PCC spokesman Al Gnoza said he could only speculate as to why there were surges in lobbying expenditures as he's only been at the organization since 2018.
"I've not seen any changes (in lobbying), and we still lobby on the same amount of issues," Gnoza said. "We haven't hired anybody else internally or as a subcontractor. I have not seen an uptick."
Yet advocates and legislators say they are well aware of the church's lobbying tactics.
"(The lobbying) shows the ignorance that they think they're above the law, and the more money they spend, the more return it's going to give them," said Rep. Mark Rozzi, D- Berks. "It's disgusting. It seems like protecting an institution is more important than protecting children."
Rozzi, who was raped by a priest as a teenager, has been pushing for legislative action for years.
The upper chamber is expected to soon weigh his proposal that would eliminate the criminal statute of limitations on sex crimes going forward and raise the civil statute of limitations, meaning victims could file civil lawsuits, until they were 55 years old.
The bill accompanies a constitutional amendment proposed by Rep. Jim Gregory, R-Blair, who was sexually abused as a child. That would create a two-year retroactive window for those who have been timed out of the court system and want to sue sexual abusers or the institution of which they're a part.
The two bills were conjoined last session — although the two-year window was a statutory measure — and Senate Republicans blocked the bill. They're now separate, but a clause in Rozzi's bill states it cannot take effect until Gregory's passes both chambers.
The PCC spent more than $777,000 in 2018 alone, the second most it's spent in a year, according to data dating back to 2007.
While the lawmakers hope they'll have more success this time around, the Catholic Church's finances are still front and center, especially since survivors don't have the luxury of a strong lobbying arm.
Yet the church has said it's remaining neutral on the bills, despite its lobbying increases.
"We're not opposing either (bill)," Gnoza said. "We're taking more of a monitored stance on it. I think we all want the victims made whole and taken care of. We just have different views of how that's going to happen."
The church has instead promoted compensation funds for victims who may have been timed out of the court system or don't file a lawsuit. Senate President Pro Tempore Joe Scarnati, R-Jefferson, supports the funds.
Scarnati, who didn't respond to multiple inquiries for comment, has said the two-year retroactive window legislation is unconstitutional. Attorney General Josh Shapiro and supporters have disputed that claim.

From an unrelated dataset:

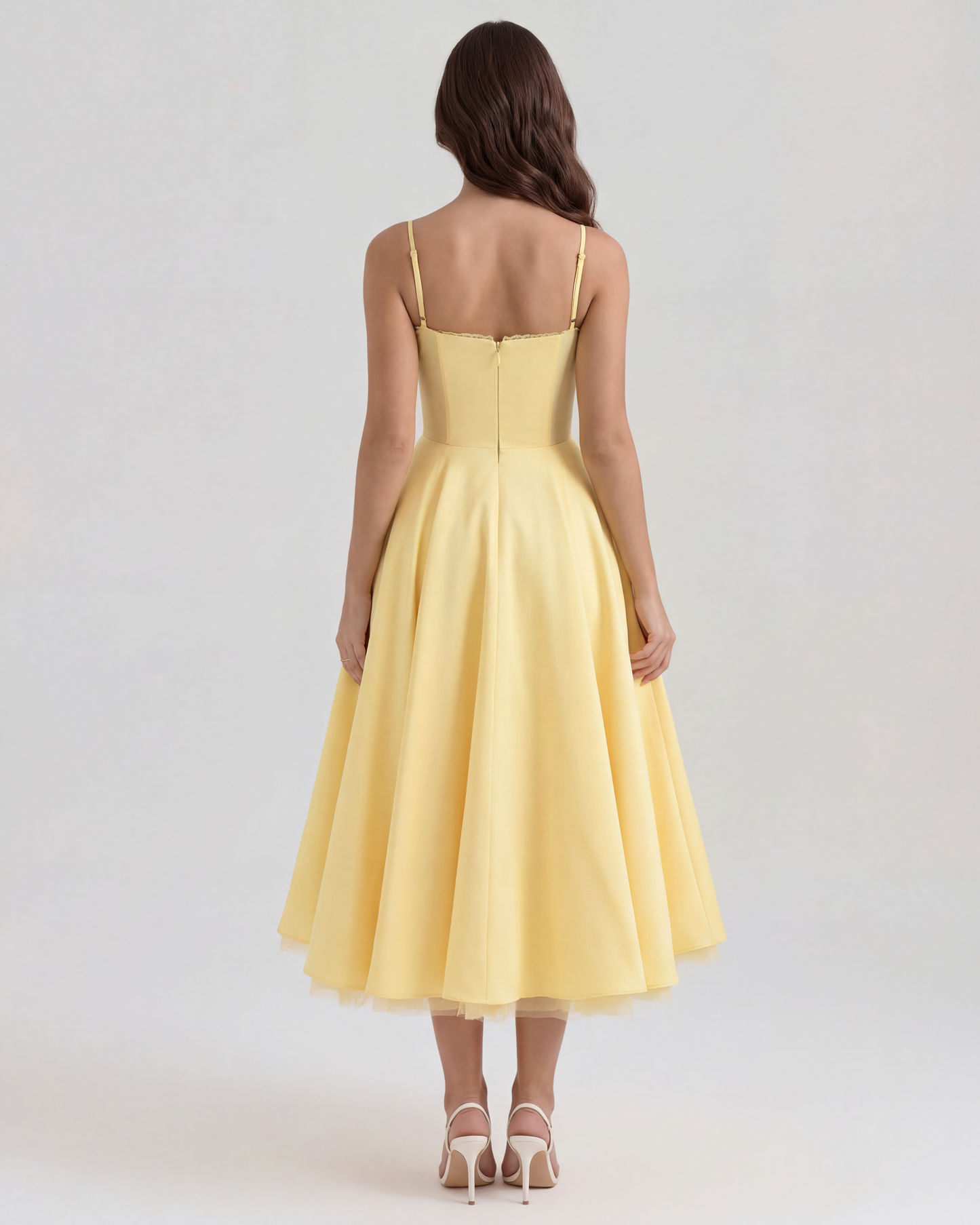 Belle - Robe midi avec couches de tulle et poches secrètes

Yet the church isn't the only entity siding with Senate Republicans over the two-year window proposal. The insurance industry is on board as well.
The insurance industry — which has given Scarnati about $675,000 since he took office in 2001, more than any other legislator — opposes creating retroactive liability without a retroactive premium.
"We realize concerns about insurance economics and mandating insurance coverage without allowing for premiums to pay for that coverage are secondary for many, but they are important concerns in assuring the fiscal soundness of our industry," said Sam Marshall, CEO of the Insurance Federation of Pennsylvania.
The federation fully supports victims of child sex abuse, and it has pushed for a compensation pool rather than a two-year window, he added.
Although insurance industry lobbying has largely leveled off since a spike in 2013, the federation's lobbying expenditures in 2018 were the largest on record at $1.95 million.
Those increases have continued through Rozzi's proposals for a two-year window, but Marshall said there is no correlation to make there — a sentiment Rozzi and others reject.
"We represent a wide number of companies, most of whom have no liability exposure on this issue," Marshall said, adding areas that receive most of the money are auto insurance, medical malpractice, workers' compensation and others.